Your assignment — Reproduce every line in the material below that holds "with".
+ + +
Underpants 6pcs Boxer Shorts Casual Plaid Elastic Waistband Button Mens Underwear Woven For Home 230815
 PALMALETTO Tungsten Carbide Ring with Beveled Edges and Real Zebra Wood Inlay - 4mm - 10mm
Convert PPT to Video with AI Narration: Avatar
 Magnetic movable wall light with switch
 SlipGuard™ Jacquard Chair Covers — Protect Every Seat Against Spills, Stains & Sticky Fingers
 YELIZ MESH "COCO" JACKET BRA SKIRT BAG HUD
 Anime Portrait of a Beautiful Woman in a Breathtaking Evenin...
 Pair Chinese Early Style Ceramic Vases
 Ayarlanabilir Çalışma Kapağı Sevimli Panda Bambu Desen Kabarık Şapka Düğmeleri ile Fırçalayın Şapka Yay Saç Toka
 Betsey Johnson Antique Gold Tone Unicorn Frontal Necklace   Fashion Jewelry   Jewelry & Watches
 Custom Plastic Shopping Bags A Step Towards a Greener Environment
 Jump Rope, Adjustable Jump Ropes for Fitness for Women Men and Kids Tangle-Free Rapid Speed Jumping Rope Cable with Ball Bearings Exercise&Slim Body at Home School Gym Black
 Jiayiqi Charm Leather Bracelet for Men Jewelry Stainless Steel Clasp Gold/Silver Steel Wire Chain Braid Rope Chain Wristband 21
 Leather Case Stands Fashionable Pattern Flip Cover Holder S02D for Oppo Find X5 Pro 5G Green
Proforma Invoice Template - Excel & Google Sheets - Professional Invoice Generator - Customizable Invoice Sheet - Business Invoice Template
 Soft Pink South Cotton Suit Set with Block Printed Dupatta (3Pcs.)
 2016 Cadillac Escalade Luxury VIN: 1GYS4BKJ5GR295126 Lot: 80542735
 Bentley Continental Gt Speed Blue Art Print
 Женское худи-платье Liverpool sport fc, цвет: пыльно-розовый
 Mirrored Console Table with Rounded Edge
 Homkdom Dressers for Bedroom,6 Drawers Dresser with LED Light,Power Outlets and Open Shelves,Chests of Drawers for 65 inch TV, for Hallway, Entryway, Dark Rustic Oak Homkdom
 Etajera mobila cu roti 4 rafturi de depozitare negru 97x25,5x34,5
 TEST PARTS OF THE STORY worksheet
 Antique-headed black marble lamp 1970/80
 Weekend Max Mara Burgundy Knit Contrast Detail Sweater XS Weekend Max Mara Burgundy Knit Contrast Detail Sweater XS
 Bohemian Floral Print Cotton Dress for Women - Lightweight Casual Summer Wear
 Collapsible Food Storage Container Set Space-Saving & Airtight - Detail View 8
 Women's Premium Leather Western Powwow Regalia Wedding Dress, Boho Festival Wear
+ + +
Solution to the exercise —
 PALMALETTO Tungsten Carbide Ring with Beveled Edges and Real Zebra Wood Inlay - 4mm - 10mm
Convert PPT to Video with AI Narration: Avatar
 Magnetic movable wall light with switch
 Jump Rope, Adjustable Jump Ropes for Fitness for Women Men and Kids Tangle-Free Rapid Speed Jumping Rope Cable with Ball Bearings Exercise&Slim Body at Home School Gym Black
 Soft Pink South Cotton Suit Set with Block Printed Dupatta (3Pcs.)
 Mirrored Console Table with Rounded Edge
 Homkdom Dressers for Bedroom,6 Drawers Dresser with LED Light,Power Outlets and Open Shelves,Chests of Drawers for 65 inch TV, for Hallway, Entryway, Dark Rustic Oak Homkdom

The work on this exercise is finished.